Making things for the sake of it

2025-08-24

In 2023, I hit the rite of passage for every developer - the urge to create your own programming language. The only question is what kind of language I’d make, not whether the world needed another “dynamically typed, JS-like programming language”.

I named it Snip, because the goal was to snip compilation times down to 0 by just interpreting everything instead. It’s kinda stupid but I thought it was hilarious when I first came up with it. I love it anyway.

Very early into the development process, I learnt creating your own programming language is a lot of work. The main challenge is just how tedious the whole process is. Compilers have a lot of moving parts: the lexer, parser, and codegen, so making any change ripples updates throughout the codebase.

The keyword table is a great example of this complexity

{ "try", TokenType.Try },
{ "catch", TokenType.Catch },
// (literally 100 more lines :/ )
{ "protected", TokenType.Protected },

To add an additional keyword, I had to update:

  • the lexer
  • the parser
  • the type checker
  • the evaluator

on top of programming the keyword’s functionality into the compiler.

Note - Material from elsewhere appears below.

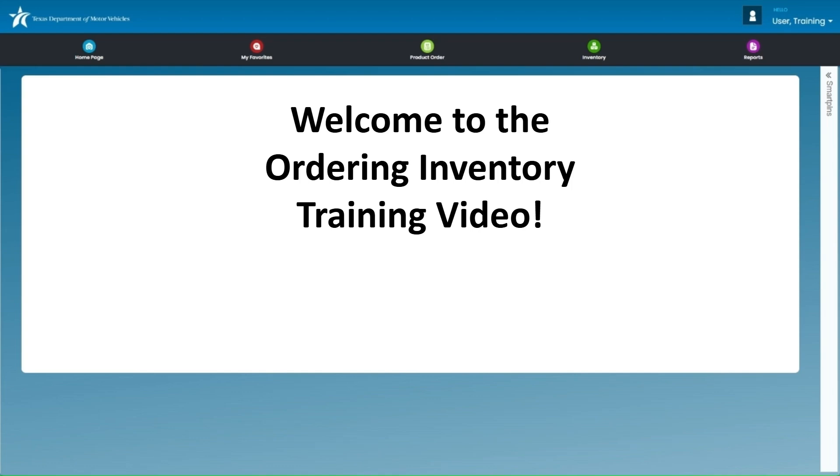Thank you for joining us. This session is part of our ongoing training series designed to support your dealership operations. In this training, we'll walk you through how to order plate inventory.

I reached a breaking point when I was adding in array literals. What I thought was a simple feature took me days to implement. Regressions kept popping up, and I realized all the interactions were too much to keep in my head.

How on earth did compiler devs keep track of their 100k LoC codebases?

Writing good tests, that’s how. I’d neglected testing my code since I was confident that I knew how everything worked, and my hubris prevented me from seeing that even my code had bugs sometimes.

Once I’d spent time combing the codebase and testing out each piece of code well, I felt the features immediately. Adding new features was faster, and the tight feedback loops from the testing suite made it addictive to work on.

Array literals, which previously took me an entire weekend to implement, was an hour’s worth of programming, because any time anything broke, the tests pointed at the failing behavior.

Snip is now an interpreted dynamic language written in C#. One of its quirks being that array and object live in the standard library since I naively assumed that would make execution times faster for Hello World!. It also has a large standard library inspired by Go and Haskell.

Here’s Two Sum solved in Snip

TwoSum

Ok, so did I make a post just to show off a programming language I created? Partially, yes (and I’m very impressed you made it this far ).

The more important takeaway for me was that making things just because you want, always teaches you something. In my case, I ended up discovering how elegant Test Driven Development can be and helped me learn C# deeply.

Oh, Is that not convincing enough? Linus Torvalds created Linux for fun too (he just like me fr). He probably learnt something along the way. Just go make something. You’ll thank me later.